Task objective ::
Retype, without changes or pictures, only the lines that begin at the one containing "Maison à BELLEGARDE-SUR-VALSERINE" and end at the last line of the records that follow.

Study material ::
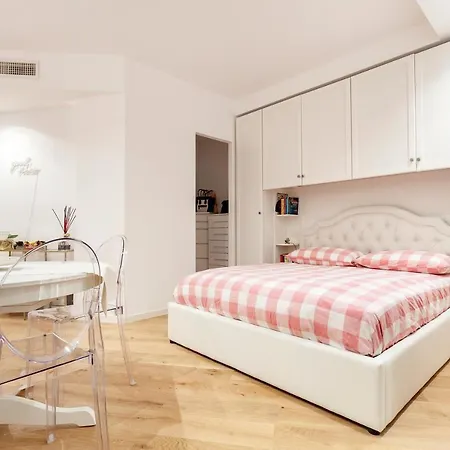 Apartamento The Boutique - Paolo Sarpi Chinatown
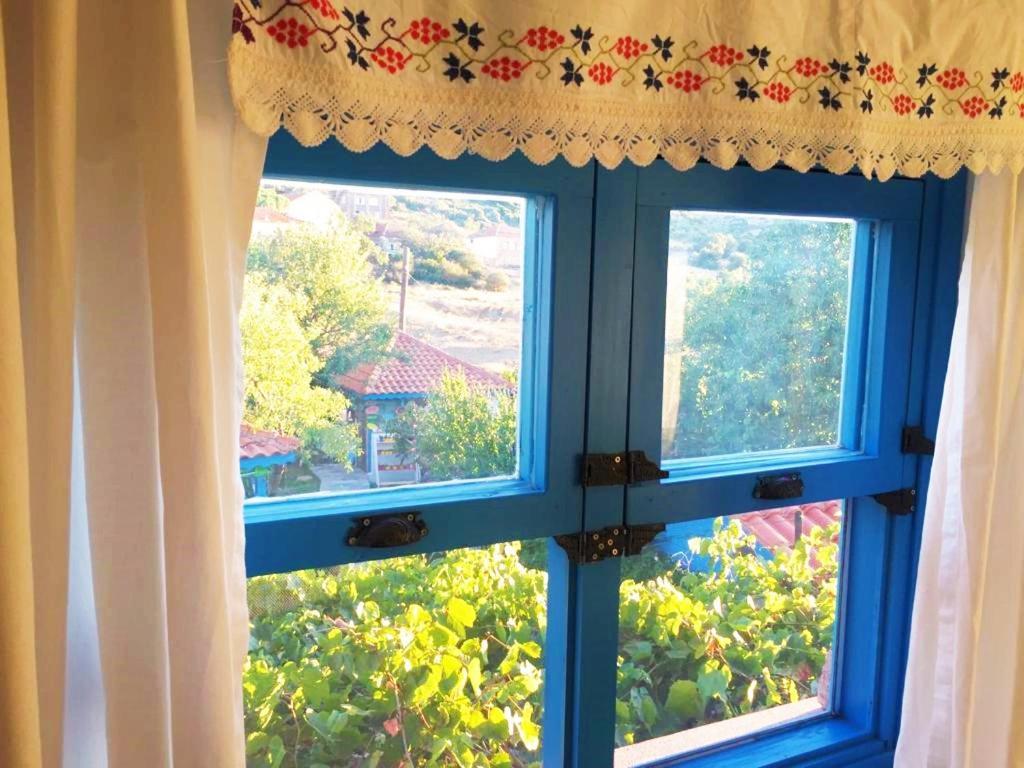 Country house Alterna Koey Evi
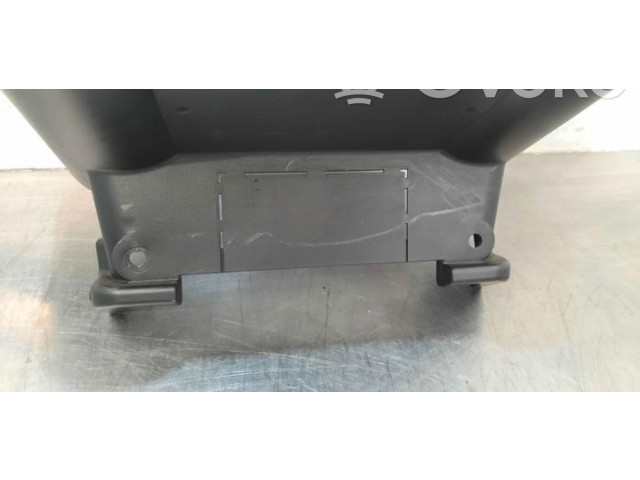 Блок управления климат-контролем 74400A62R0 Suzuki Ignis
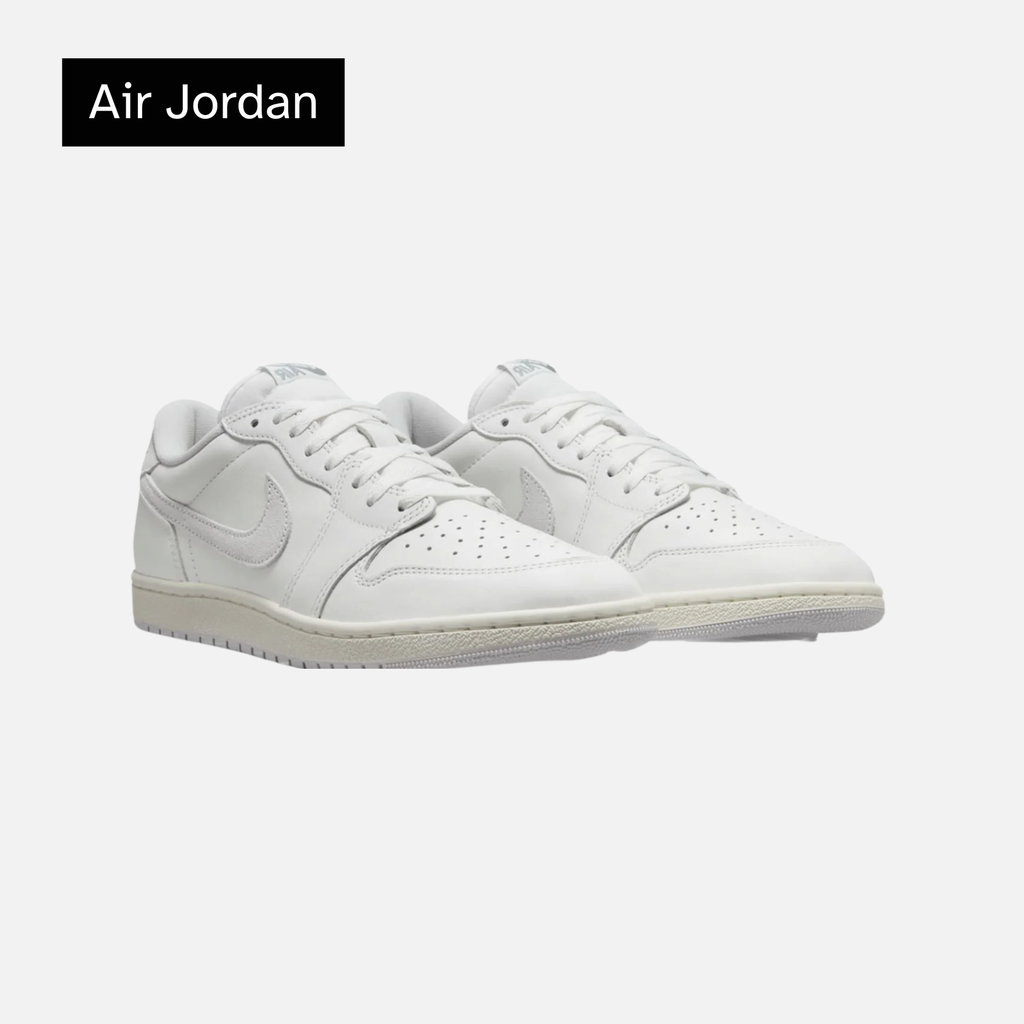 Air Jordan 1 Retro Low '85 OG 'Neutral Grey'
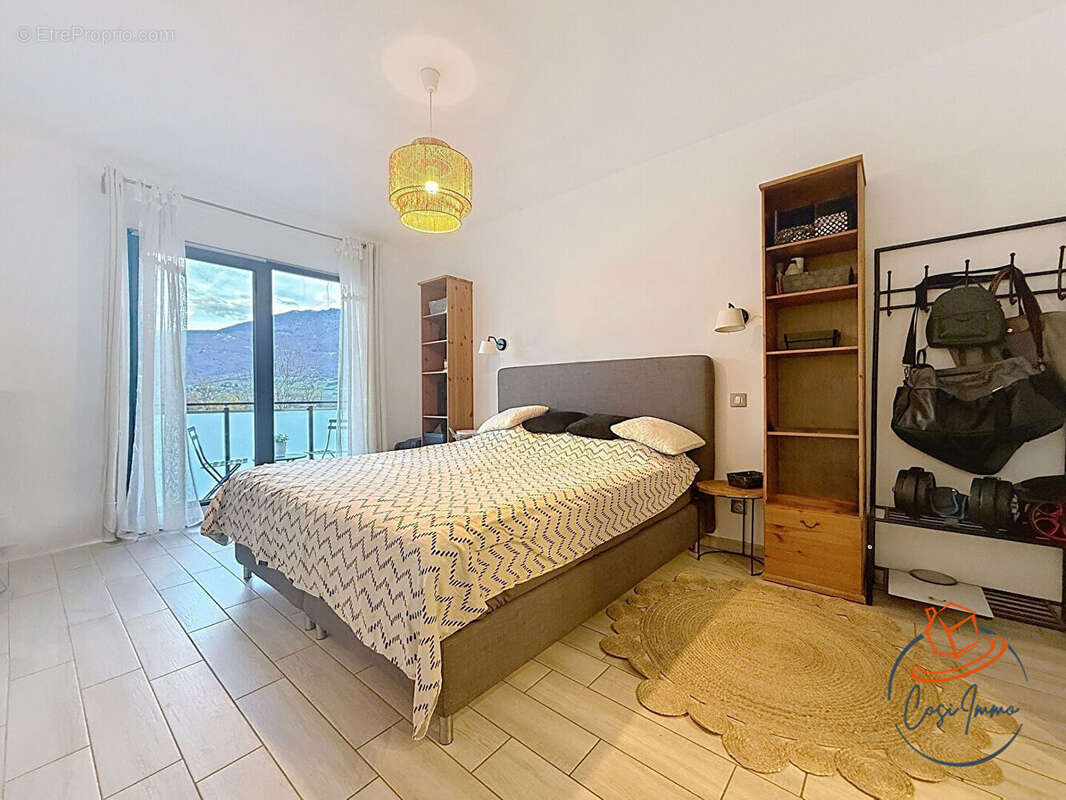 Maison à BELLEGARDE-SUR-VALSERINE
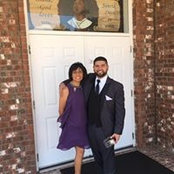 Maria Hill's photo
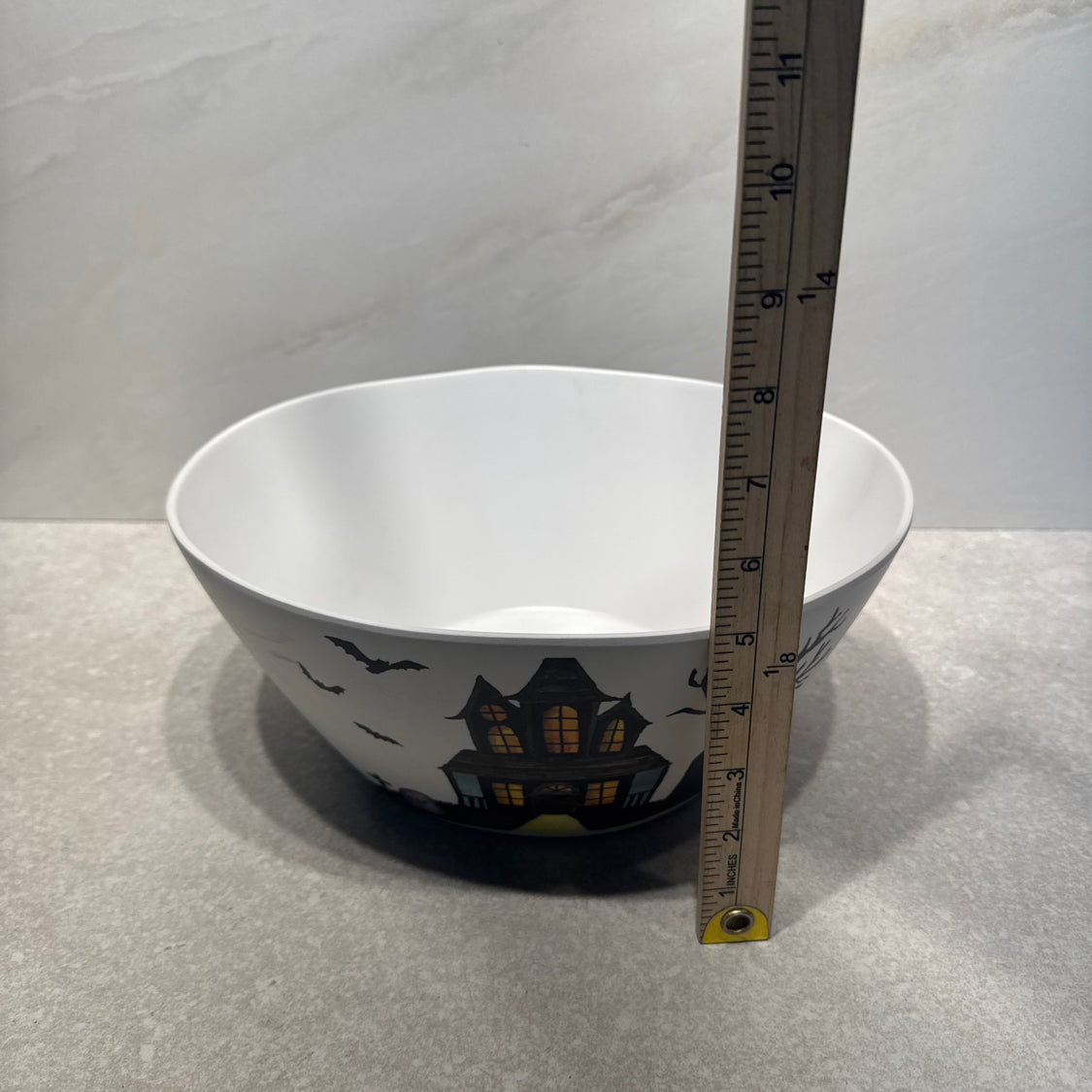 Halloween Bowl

Result of this task ::
 Maison à BELLEGARDE-SUR-VALSERINE
 Maria Hill's photo
 Halloween Bowl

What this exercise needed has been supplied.